Graphite: Lighter weight material enables faster swing speeds from your irons, which often leads to longer shots. Feel on your shots suffers somewhat, and it's a more expensive option. Players with slower swing speeds, however, can benefit from this option.
Multi-Material: Both steel and graphite are combined in one shaft, typically in a primarily steel shaft with a graphite tip. The solid feel of a steel shaft is accented by the ability to put added power into the ball via the graphite material, which also helps dampen vibrations.
Wedges, which almost exclusively feature steel shafts, are a unique breed of club. They can help turn pars into birdies--or save pars around the green--but can also create problems for less experienced golfers who don't have wedges properly attuned to their style of play. Different types of wedges, and various specifications, allow you to select a club that aids, rather than hinders, your game.
Most golfers need a pitching wedge and sand wedge, with a pitching wedge being used for broad shots into the green and the occasional long chip shot. A sand wedge, as the name implies, helps get you out of trouble when your ball finds its way into the bunker.
Loft: Put simply, loft is the angle at which the club hits the ball off the ground, typically somewhere between 47 and 64 degrees. Higher lofts equate to shots with greater elevation and reduced distance.
Bounce: This has to do with the club's sole, and the amount of energy distributed between ground and club. Finding the best bounce for a wedge allows you to improve your chipping and pitching.
The putter is the club which offers the widest array of design features and options, including putter type, head design, face/insert, and hosel. Personal preference comes into play here--but knowing the differences between different types and options will help you make an educated choice.

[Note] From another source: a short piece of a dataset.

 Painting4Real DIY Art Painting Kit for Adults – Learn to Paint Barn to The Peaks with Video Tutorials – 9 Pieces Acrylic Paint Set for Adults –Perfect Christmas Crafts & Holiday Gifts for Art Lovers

The two basic types of putters are face and toe-balanced. Face-balanced putters' face turns upward, with a center of gravity in line with the shaft, and they're well suited to players with a straight stroke. Toe-balanced putters, meanwhile, have a toe that points toward the ground, making them ideal for players with an "in-to-out-to-in" putting stroke.

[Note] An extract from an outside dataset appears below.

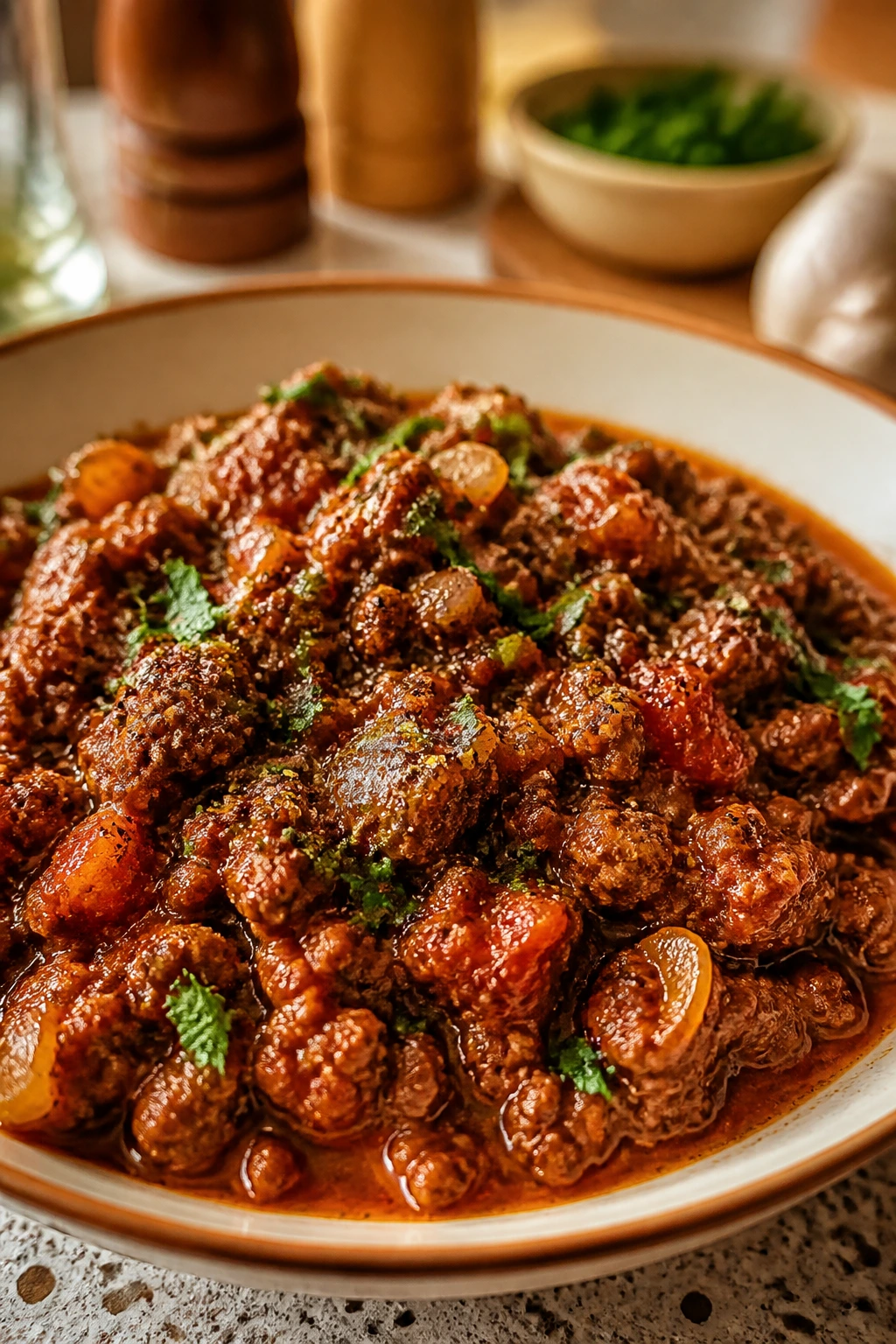 Plated saucy ground beef dish with parsley garnish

There are three basic head design options: blade, perimeter weighted, and mallet.
Blade: A favorite of traditionalists, blade putters have a small head, classic design, and are a safe choice for any player.
Perimeter Weighted: A larger head is well suited to players with an "in-to-out" stroke.

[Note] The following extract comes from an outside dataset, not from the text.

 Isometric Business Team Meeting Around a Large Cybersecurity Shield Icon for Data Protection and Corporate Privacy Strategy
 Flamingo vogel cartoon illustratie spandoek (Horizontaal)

Mallet: Heavier than a blade putter due to its larger size, mallet putters have a lower and deeper center of gravity to reduce backspin.
FACES AND INSERTS
The ideal putter face for your game depends largely on your preferred ball, and the speed of the greens you typically play on. The faster the greens, the softer your face and ball should be. Your three basic face options are metal, insert, and grooved:
Metal: Popular for the noise they provide, and traditionally made of steel, a metal face putter is strong and heavy, with responsive feedback and a solid feel.
Insert: Essentially a metal putter whose face has been replaced with a lightweight, non-metal insert, the advantage of these putters is the lighter weight, with more of it distributed to the heel and toe for increased forgiveness. The downside is a lack of sound feedback on your putts.
Grooved: Finally, grooved face putters assist in creating a forward-rolling motion that keeps your ball on-line, as a result of the increased friction on the face of the clubhead.
Most putters have a steel shaft, but where the shafts meets the putter head is called the hosel and is where variety and option come into play:
Heel-shafted: Shaft connects putter at heel, or inside, of the head
Center-shafted: Shaft connects at the center of the putter head
Hosel offset: Hosel bends backward to move the bottom of the shaft ahead of the putter face, drawing your hands ahead of the ball through impact
Hosel options are largely based on player preference, and the best way to determine the right choice for you is through good, old-fashioned trial and error.